What to do
Below are records with pictures in them. Output exactly the lines from the one with "So this way" through the one with "You can create", both included, and leave every picture out; give only those lines.
Segment Start: Excerpted records
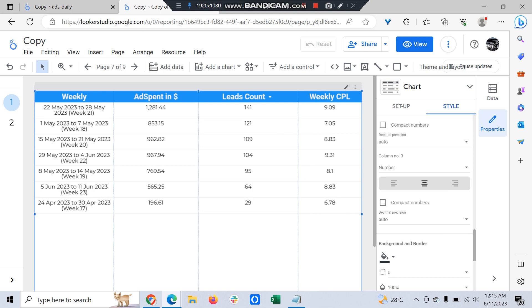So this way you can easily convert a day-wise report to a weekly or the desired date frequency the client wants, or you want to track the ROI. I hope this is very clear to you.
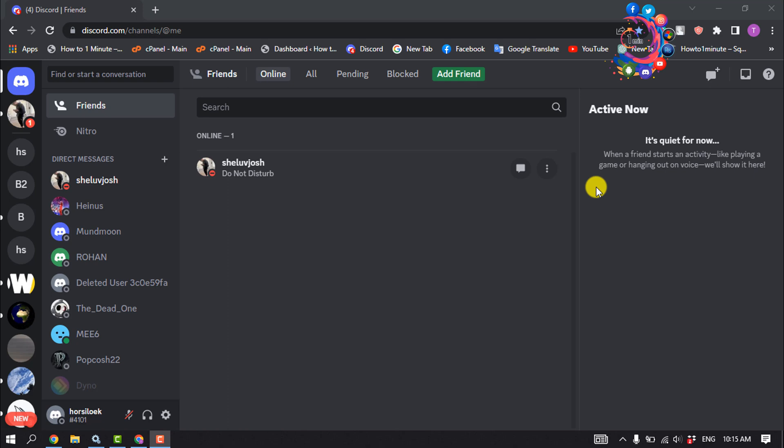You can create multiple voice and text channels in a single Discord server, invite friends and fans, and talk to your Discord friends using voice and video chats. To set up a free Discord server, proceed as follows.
Segment End: Excerpted records
Segment Start: Excerpted records
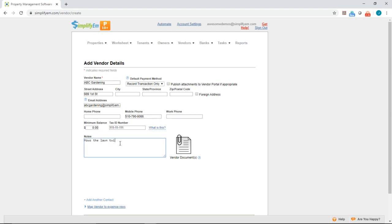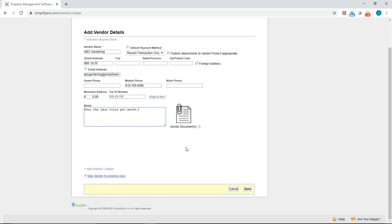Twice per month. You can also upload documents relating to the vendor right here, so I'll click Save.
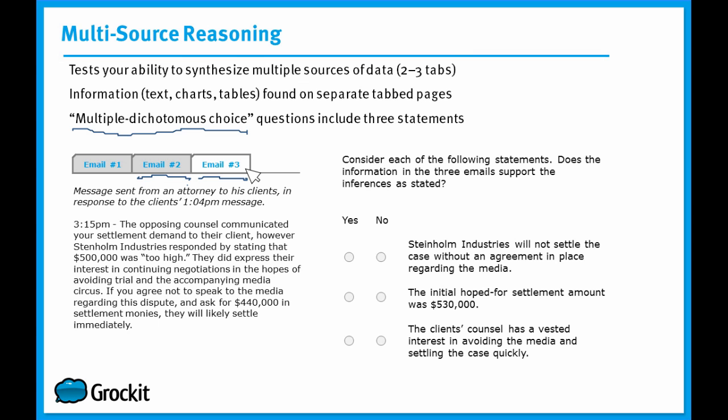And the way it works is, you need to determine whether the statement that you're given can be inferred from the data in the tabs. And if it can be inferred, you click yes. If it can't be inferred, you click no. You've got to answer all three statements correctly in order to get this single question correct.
Segment End: Excerpted records
Exercise answer
So this way you can easily convert a day-wise report to a weekly or the desired date frequency the client wants, or you want to track the ROI. I hope this is very clear to you.
You can create multiple voice and text channels in a single Discord server, invite friends and fans, and talk to your Discord friends using voice and video chats. To set up a free Discord server, proceed as follows.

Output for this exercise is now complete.